Work instruction: Starting at the line that contains "Immagine in evidenza: uno" and stopping after the line that contains "Building Photo - 35505 Sereno Ln", transcribe the listing below exactly; do not include any pictures.

Data shown:
---------------
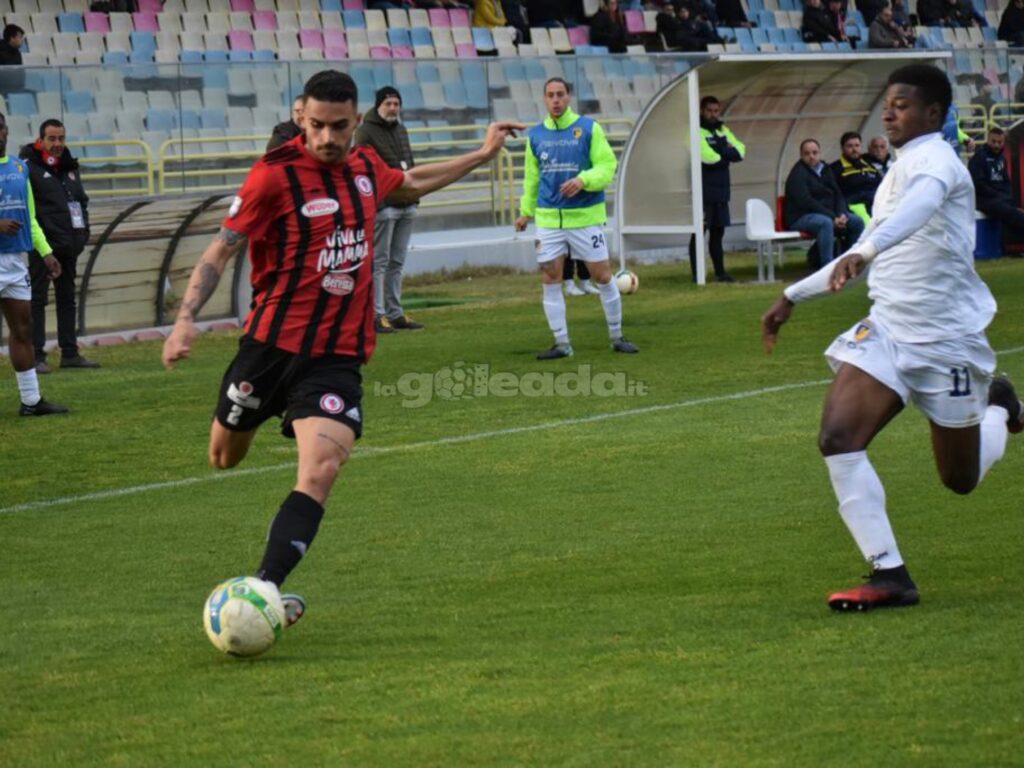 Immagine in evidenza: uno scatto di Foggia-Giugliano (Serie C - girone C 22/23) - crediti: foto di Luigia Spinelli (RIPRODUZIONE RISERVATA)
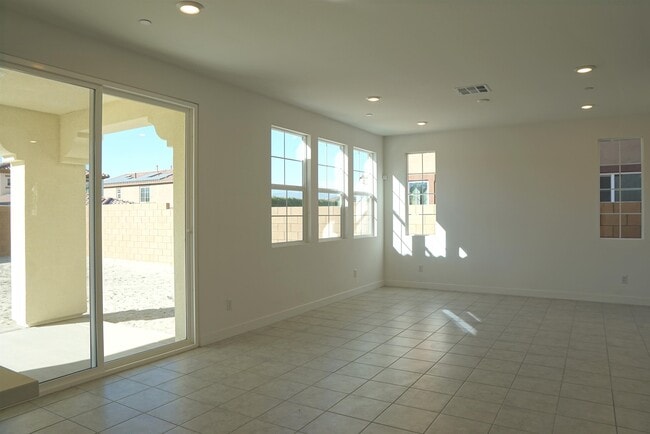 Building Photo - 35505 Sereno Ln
---------------
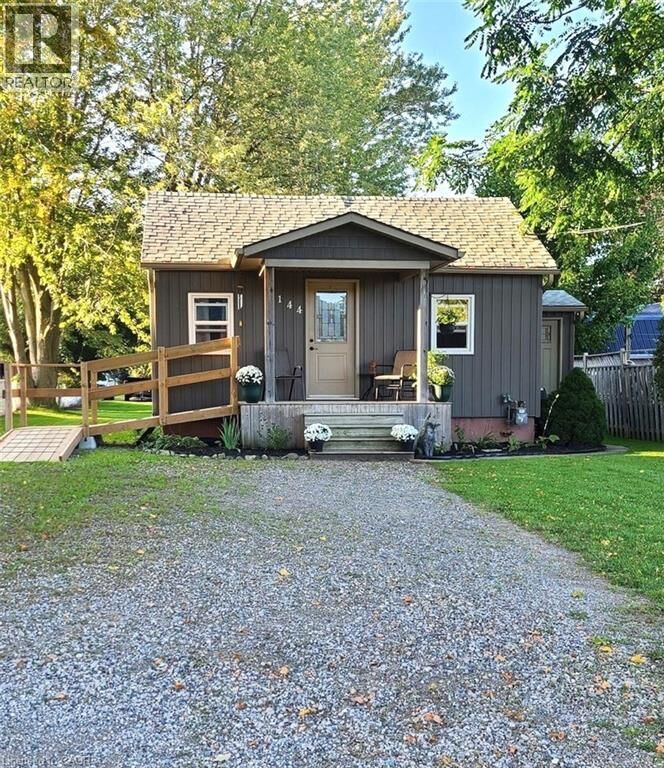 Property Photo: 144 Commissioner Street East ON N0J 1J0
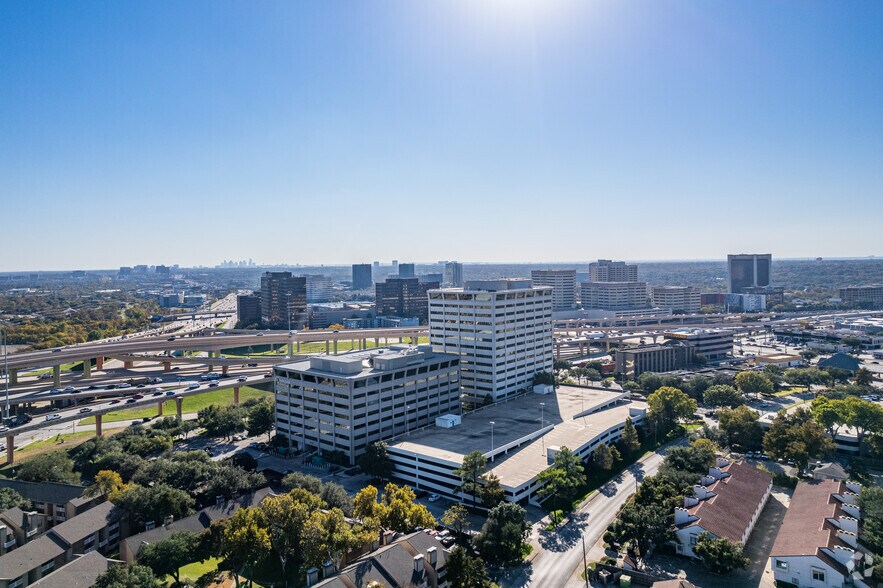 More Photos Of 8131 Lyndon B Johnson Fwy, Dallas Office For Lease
---------------
Written reply:
 Immagine in evidenza: uno scatto di Foggia-Giugliano (Serie C - girone C 22/23) - crediti: foto di Luigia Spinelli (RIPRODUZIONE RISERVATA)
 Building Photo - 35505 Sereno Ln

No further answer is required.